Once all this paperwork is in place, the board proceeds as though it were like any other interior renovation, with the usual checklist of things: requiring a licensed architect to file an approved plan, a bonded and insurance-carrying contractor, and so on. It’s also good to communicate with the other residents, through a newsletter or a note tucked into the monthly maintenance- or common-charge-envelope. This should emphasize not just the economic advantage to the building, but the plusses to the individual owners as well – who, all things being equal, will pay a slightly lower fee each month since the owner with the new space will pay more.
Finally, along with selling the space itself, the building can also charge a fee to cover the additional time, trouble, and professional(legal/broker) fees for assigning a price and/or allocating new shares. While the board at Barbara Taylor’s West 181st Street co-op hadn’t charged such a processing fee, Taylor now reflects: “There should be a fee for that, similar to the one the board already charges for processing interior renovations.”
Whatever you do, use common sense and ethics. “Giving away corporate assets will get you sued,” Samson warns, “especially if you’re giving them to a board member, his brother, or his best friend. Corporate assets are valuable.”
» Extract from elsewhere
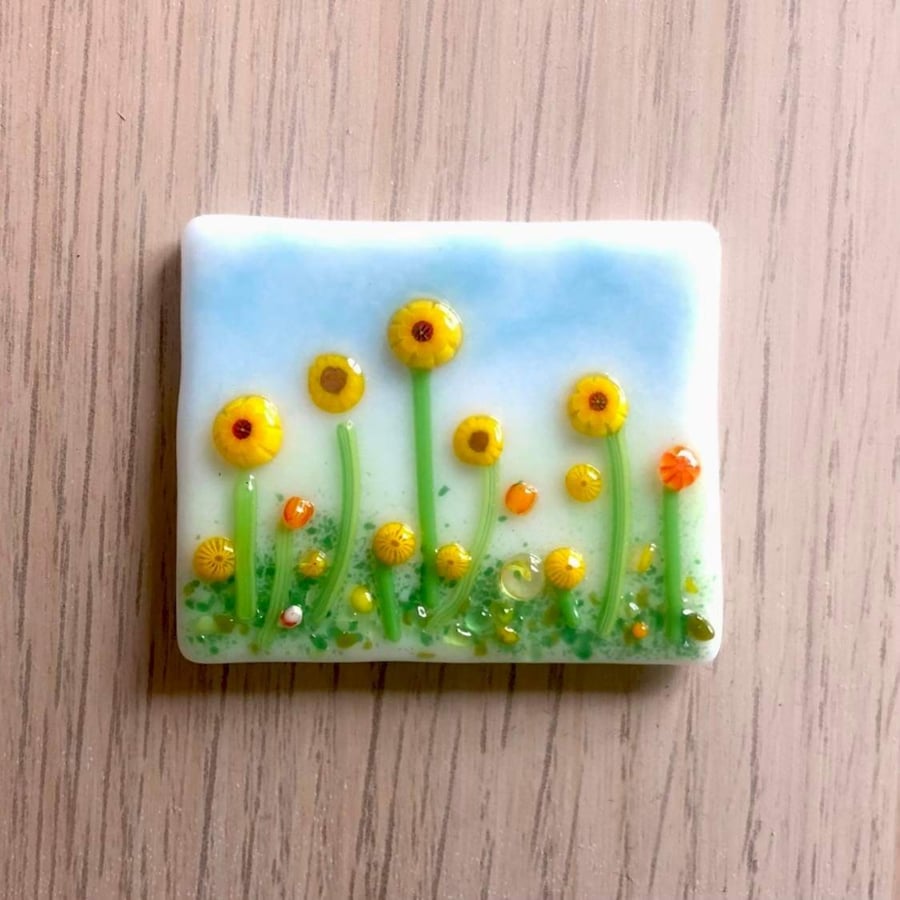 Fused glass fridge magnet keepsake decoration, sunflowers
That said, the 134-building Glen Oaks Village in Queens has found a progressive, long-term approach, in which it does give away shares to any owners willing to make improvements.
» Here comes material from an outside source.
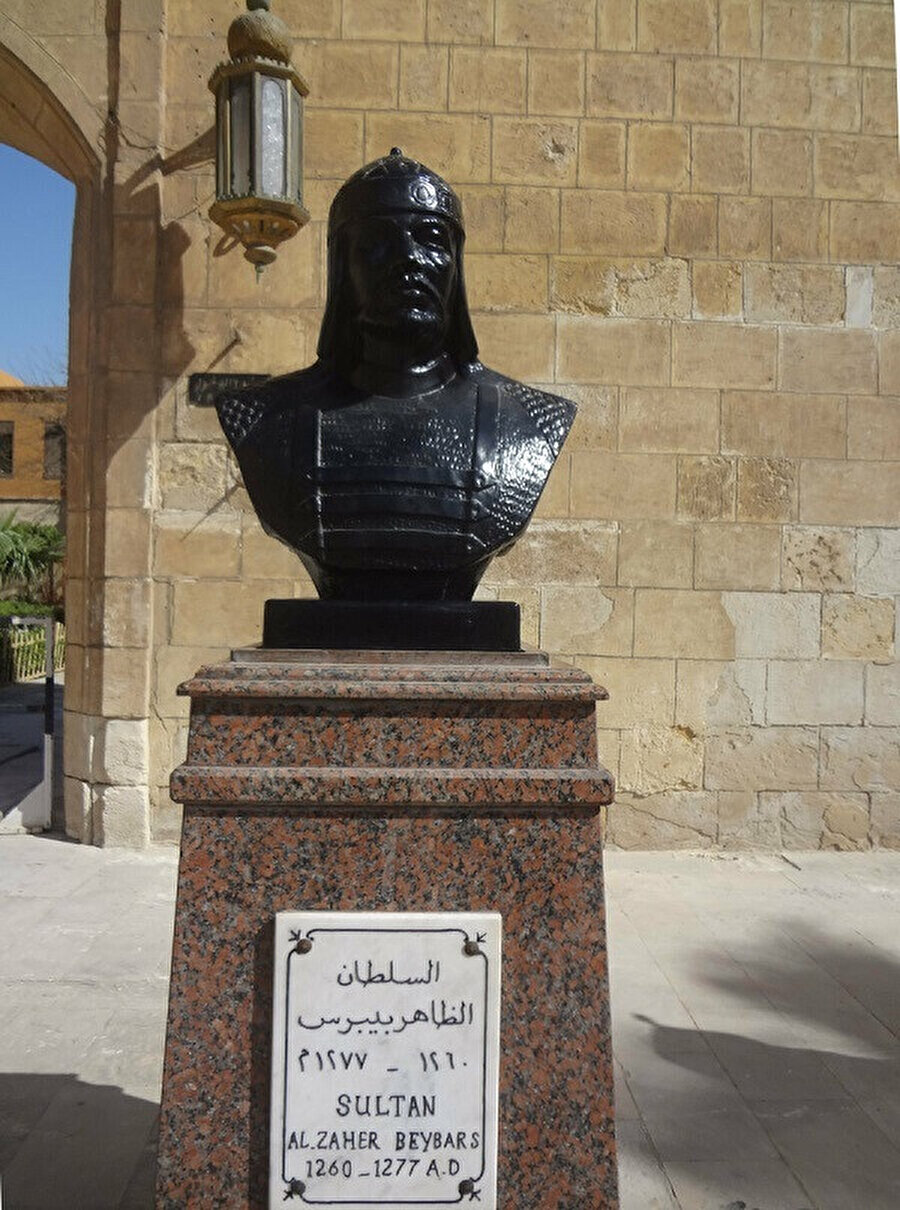 Sultan Baybars'ın büstü, Askeri Müze, Kahire.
“Each of our buildings is two stories plus an unused basement [that usually serves as a meter room or utility-line/plumbing conduit, if utilized at all],” says board president Bob Friedrich. “Some of these are just crawl spaces, but others have seven- to eight-foot ceilings. In those buildings, if a first-floor shareholder wants to do what we call a ‘basement addition’ – not just a place to keep their weights and bicycles, but a bona fide living space – then we’ll allocate new shares for which we do not charge. We give the shares to the individuals” – who in turn must pay for any needed asbestos removal and do a timely renovation, which can cost from $15,000 to $50,000 – “and they are taking unused space and creating usable space that increases the value of their co-op. When they sell, the appraisals come in higher, and that raises everybody’s values.”
Second-floor owners get a roughly similar deal for raising their attic roofs to create a third-story living space. “We do everything we can to encourage long-term residency,” says Friedrich, “which to us is fundamental to a healthy and growing community.” Along those lines, the co-op gives away common green areas to people who, for instance, want to plant gardens or create patios, and so “take an area no one was using to one that people use.”
The possibilities are many and varied. “I had a building that had storage closets on every hallway,” says Goldstick, “and the building sealed them from the hallway, and then sold them to the apartments that backed up on them.” Each owner then cut through his or her inside walls and created a closet door where the back of the closet had been.
“Hallways, lobbies, rear-yard space, rooftop space, basement space – if it’s real estate, it can be sold,” says Samson. “But you’ve got to do it right.”